Destejer esta tercera soledad implica, inclusive, retejer nuestro cerebro, pues ese otro, además de haber estado “allí afuera”, es, biológicamente, un conjunto exacto de interconexiones neuronales que necesitamos aprender a deshacer y, con ellas, tejer a ese otro en el lugar donde ahora está: en el pasado. La resolución de un duelo, neurológicamente, es eso. Y en el nuevo tejido el otro a veces queda olvidado (como sucede con un “gran amor” que al cabo de un tiempo reconocemos que no lo era), o recordado cada vez con menos dolor, menos zozobra, menos penar e, incluso, como inspiración para gestar una vida lo más plena posible.

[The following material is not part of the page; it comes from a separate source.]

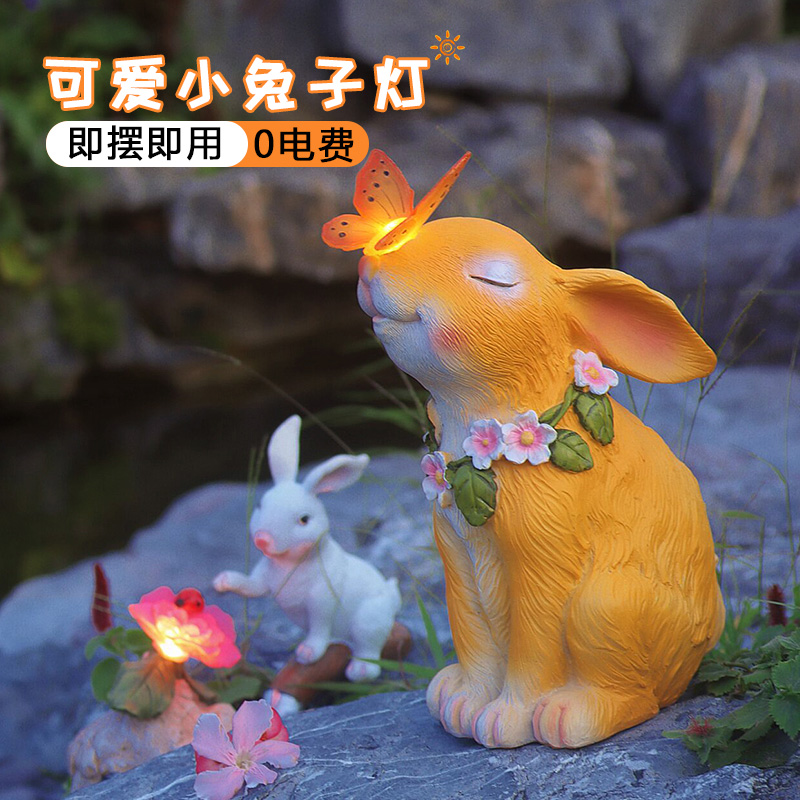 太阳能户外庭院灯创意兔子动物灯别墅花园布置氛围装饰防水草坪灯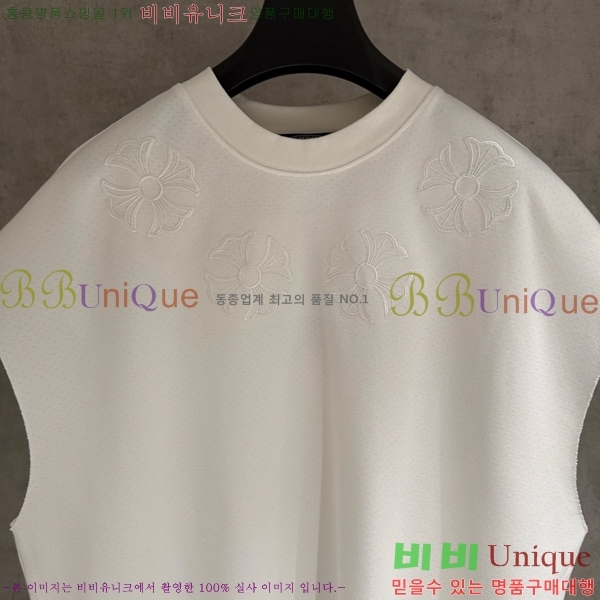 ���� ũ������ �μҸ�/���� CH876249-5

Así, no es raro que estas dos últimas soledades, si se elaboran con inteligencia emocional, deriven en ponderar con cariño a la primera: darle espacio al solitario sano que llevamos dentro, a la solitud. Pues solamente quien es capaz de ejercer una soledad saludable como ésa podrá elegir lúcidamente sus vínculos (y no como quien se agarra al primer madero que pasa flotando en la corriente como para no ahogarse… ¡aunque esté lleno de escorpiones o de hormigas!).
Aprender a estar solo puede ser desafiante. Pero es un paso hacia una madurez inmensa: la conquista de nuestro territorio interno. Saber estar solo es tener mejores bases desde las cuales estar con otros. Otros elegidos, que ya no serán un “relleno”. Otros que amen ese silencio generatriz que sostiene las notas de aquella canción cantarina o serena que es esa preciosa solitud.

  

Aprendamos a estar juntos sabiendo bien cómo estar solos. Que así sea.